Prompt
Please transcribe every entry below exactly, without including the pictures.

===============

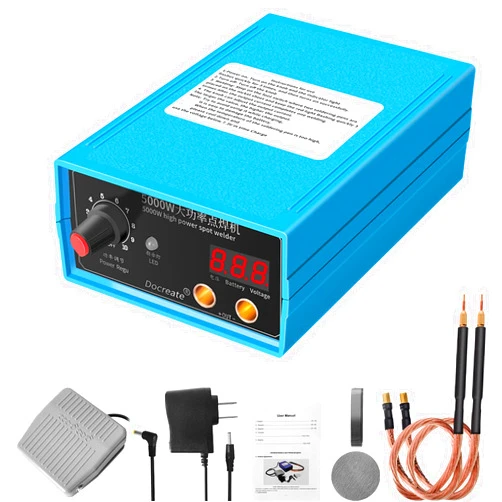 Geevorks Spot Welder, Geevorks Battery Spot Welder 10 Gear Output Power Adjust, 5000W Spot Welding Equipment for Sopts Welding 18650/26650/32650 and 0.1~0.15mm Nickel Sheet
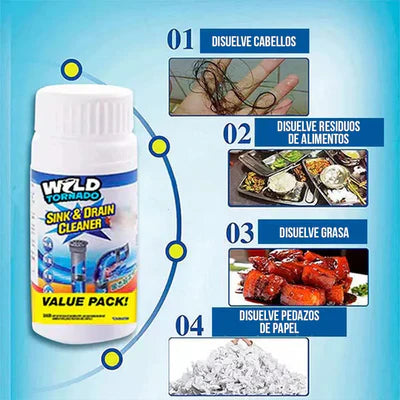 Kaufe 1 und erhalte 2 🌀 Wild Tornado – Rohrreiniger für Abflüsse, Toiletten und Waschbecken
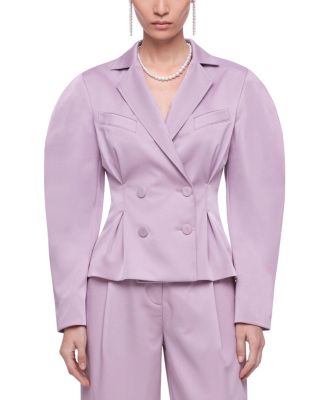 Women's Double-Breasted Slim-Fit Folded-Collar Jacket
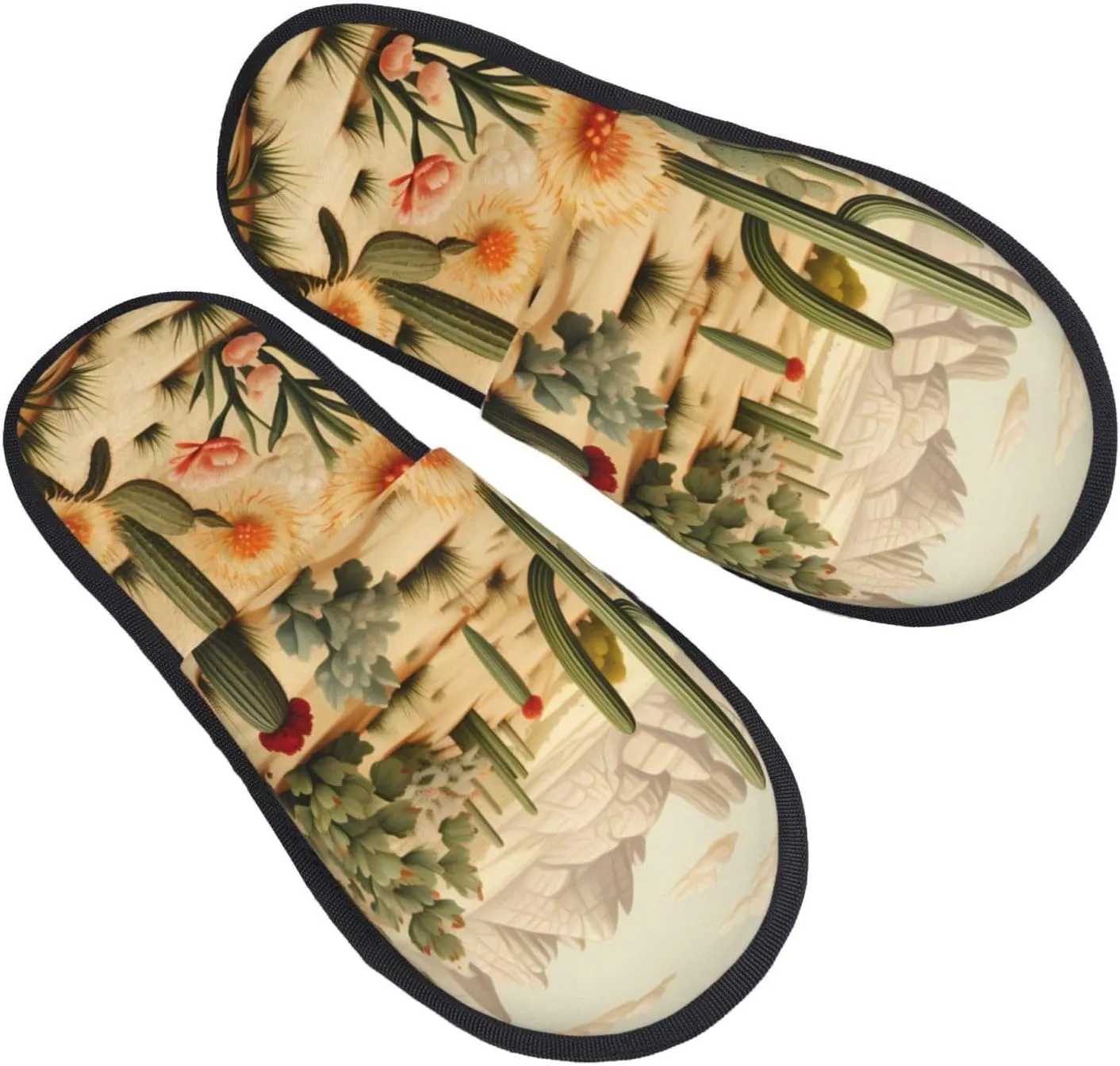 Cactus and Other Patterns Women's Fuzzy Slippers Slip-on Slipper Soft Comfy Bedroom Slippers Non-slip House Shoes Medium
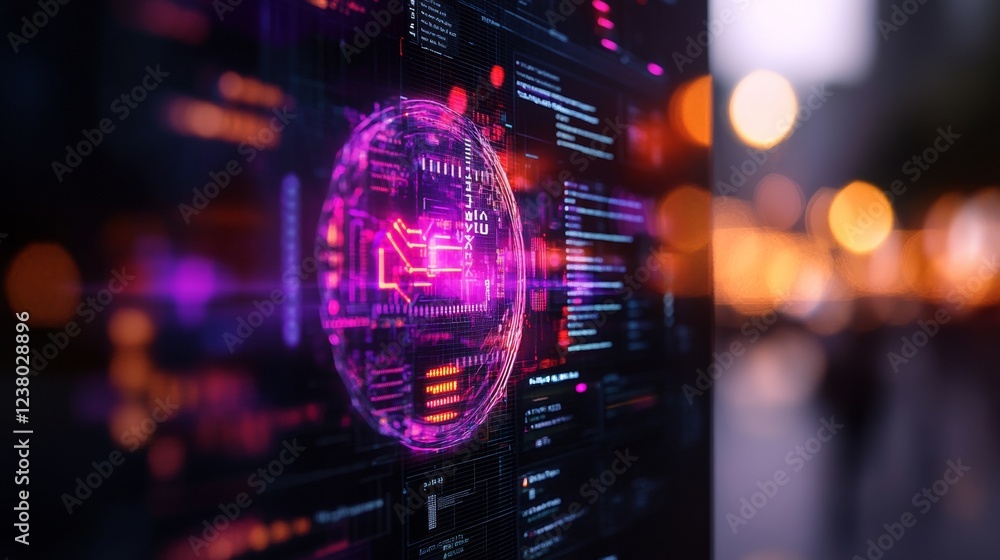 Aufkleber Futuristic Digital Dashboard Interactive Reward Points Analytics with Neon Holographic Visuals - Enhancing FinTech UX and Secure Data Application for Modern Business Insights
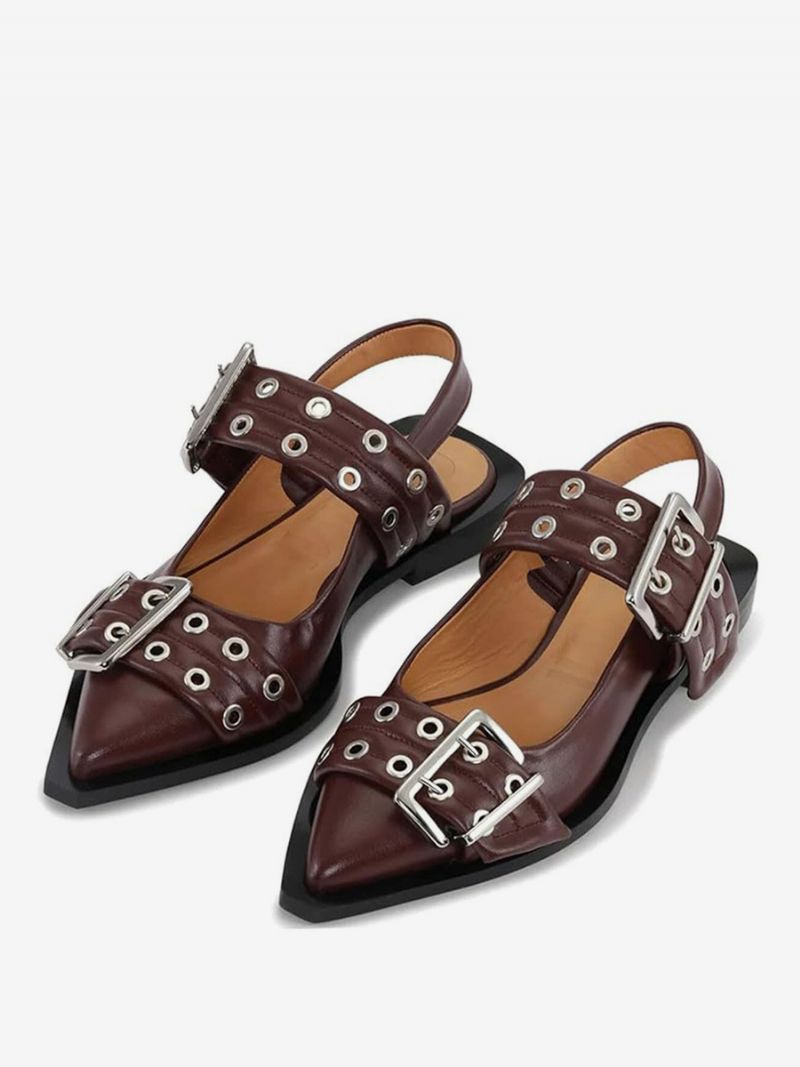 Flade Sko Til Kvinder Hvidt Spænde Med Spids Tå Slingback Ballet Flats - Burgunder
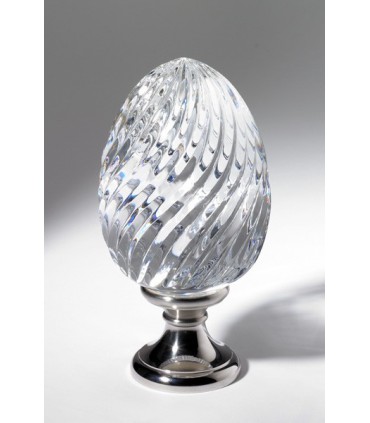 Oeuf départ de rampe d'escalier en cristal plein forme torsades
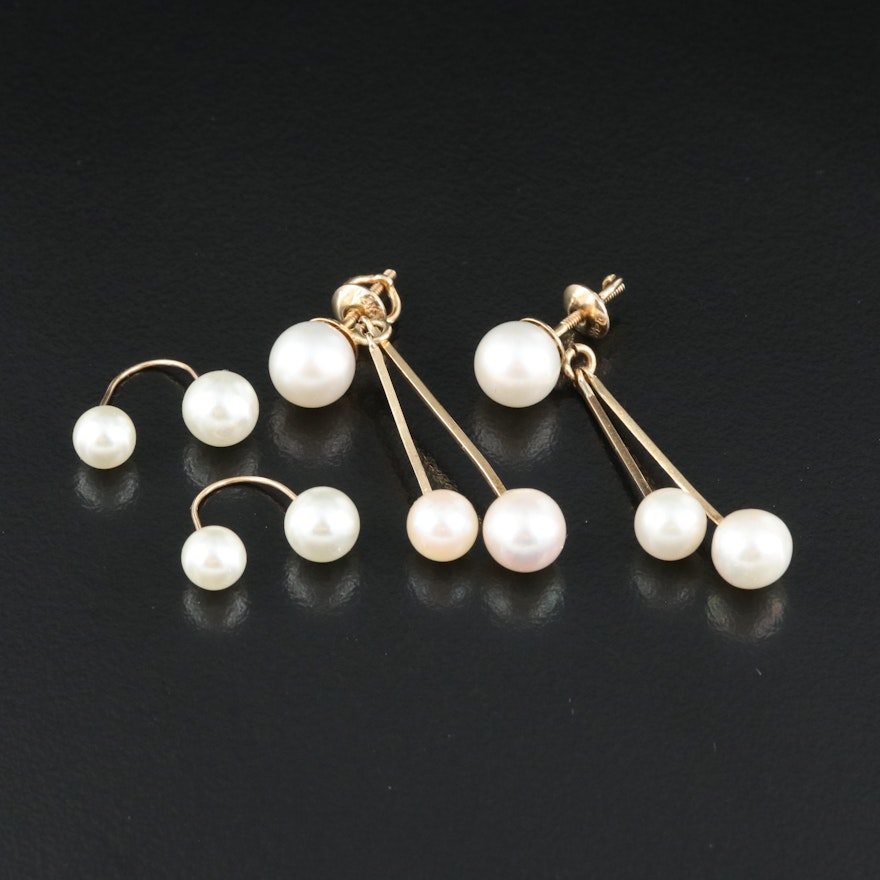 14K Pearl Earrings and Faux Pearl Ear Cuffs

===============

Completed task
 Geevorks Spot Welder, Geevorks Battery Spot Welder 10 Gear Output Power Adjust, 5000W Spot Welding Equipment for Sopts Welding 18650/26650/32650 and 0.1~0.15mm Nickel Sheet
 Kaufe 1 und erhalte 2 🌀 Wild Tornado – Rohrreiniger für Abflüsse, Toiletten und Waschbecken
 Women's Double-Breasted Slim-Fit Folded-Collar Jacket
 Cactus and Other Patterns Women's Fuzzy Slippers Slip-on Slipper Soft Comfy Bedroom Slippers Non-slip House Shoes Medium
 Aufkleber Futuristic Digital Dashboard Interactive Reward Points Analytics with Neon Holographic Visuals - Enhancing FinTech UX and Secure Data Application for Modern Business Insights
 Flade Sko Til Kvinder Hvidt Spænde Med Spids Tå Slingback Ballet Flats - Burgunder
 Oeuf départ de rampe d'escalier en cristal plein forme torsades
 14K Pearl Earrings and Faux Pearl Ear Cuffs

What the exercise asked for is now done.